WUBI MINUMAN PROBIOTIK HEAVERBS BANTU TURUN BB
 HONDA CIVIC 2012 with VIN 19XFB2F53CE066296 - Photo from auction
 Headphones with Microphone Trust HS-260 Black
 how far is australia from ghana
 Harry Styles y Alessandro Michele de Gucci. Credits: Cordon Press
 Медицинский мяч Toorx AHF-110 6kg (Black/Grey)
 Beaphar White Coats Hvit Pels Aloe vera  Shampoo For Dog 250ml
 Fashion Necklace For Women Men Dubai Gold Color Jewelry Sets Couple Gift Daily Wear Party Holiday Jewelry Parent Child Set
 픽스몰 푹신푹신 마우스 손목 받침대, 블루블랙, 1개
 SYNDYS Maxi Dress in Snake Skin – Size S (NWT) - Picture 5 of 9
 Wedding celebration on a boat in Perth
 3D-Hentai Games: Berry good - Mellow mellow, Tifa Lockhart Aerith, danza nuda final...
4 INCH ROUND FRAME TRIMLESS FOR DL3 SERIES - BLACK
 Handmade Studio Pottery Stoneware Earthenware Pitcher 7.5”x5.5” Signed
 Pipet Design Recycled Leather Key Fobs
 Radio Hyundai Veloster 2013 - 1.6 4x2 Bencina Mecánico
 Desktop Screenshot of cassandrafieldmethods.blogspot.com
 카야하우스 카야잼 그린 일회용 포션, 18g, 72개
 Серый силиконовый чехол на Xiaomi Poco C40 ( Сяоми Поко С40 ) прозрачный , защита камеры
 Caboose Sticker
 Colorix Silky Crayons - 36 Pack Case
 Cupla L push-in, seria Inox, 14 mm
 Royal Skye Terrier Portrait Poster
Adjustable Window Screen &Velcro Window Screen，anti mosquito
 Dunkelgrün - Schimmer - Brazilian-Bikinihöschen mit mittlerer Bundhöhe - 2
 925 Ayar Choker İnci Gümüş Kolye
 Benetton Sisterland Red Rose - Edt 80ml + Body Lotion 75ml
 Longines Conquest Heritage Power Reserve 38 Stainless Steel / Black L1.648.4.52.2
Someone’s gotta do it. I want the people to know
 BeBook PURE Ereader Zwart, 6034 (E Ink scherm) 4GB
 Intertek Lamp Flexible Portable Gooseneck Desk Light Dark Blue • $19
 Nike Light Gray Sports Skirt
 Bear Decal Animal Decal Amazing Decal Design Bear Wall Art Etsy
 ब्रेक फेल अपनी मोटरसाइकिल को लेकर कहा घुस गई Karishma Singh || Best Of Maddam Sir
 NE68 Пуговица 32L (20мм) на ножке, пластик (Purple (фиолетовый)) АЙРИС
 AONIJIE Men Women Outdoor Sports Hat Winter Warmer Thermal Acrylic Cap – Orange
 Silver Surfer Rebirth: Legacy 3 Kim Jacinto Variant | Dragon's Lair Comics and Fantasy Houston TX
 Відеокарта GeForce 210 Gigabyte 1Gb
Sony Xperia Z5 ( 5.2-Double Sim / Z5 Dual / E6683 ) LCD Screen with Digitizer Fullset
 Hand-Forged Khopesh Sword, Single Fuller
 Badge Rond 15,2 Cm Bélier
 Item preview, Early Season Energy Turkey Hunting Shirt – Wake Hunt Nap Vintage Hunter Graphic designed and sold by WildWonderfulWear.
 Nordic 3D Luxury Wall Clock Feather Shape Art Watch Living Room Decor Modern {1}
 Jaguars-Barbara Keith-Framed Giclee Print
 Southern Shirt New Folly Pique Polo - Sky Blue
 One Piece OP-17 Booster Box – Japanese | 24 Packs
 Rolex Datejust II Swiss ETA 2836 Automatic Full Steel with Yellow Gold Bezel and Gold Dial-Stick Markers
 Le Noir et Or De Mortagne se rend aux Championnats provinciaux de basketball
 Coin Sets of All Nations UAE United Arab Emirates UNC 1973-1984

» DIRECTIONS FOR THIS TASK
When a line contains the string "Wall", count that line; once every line of the records has been checked, state the count alone.

» RESPONSE
2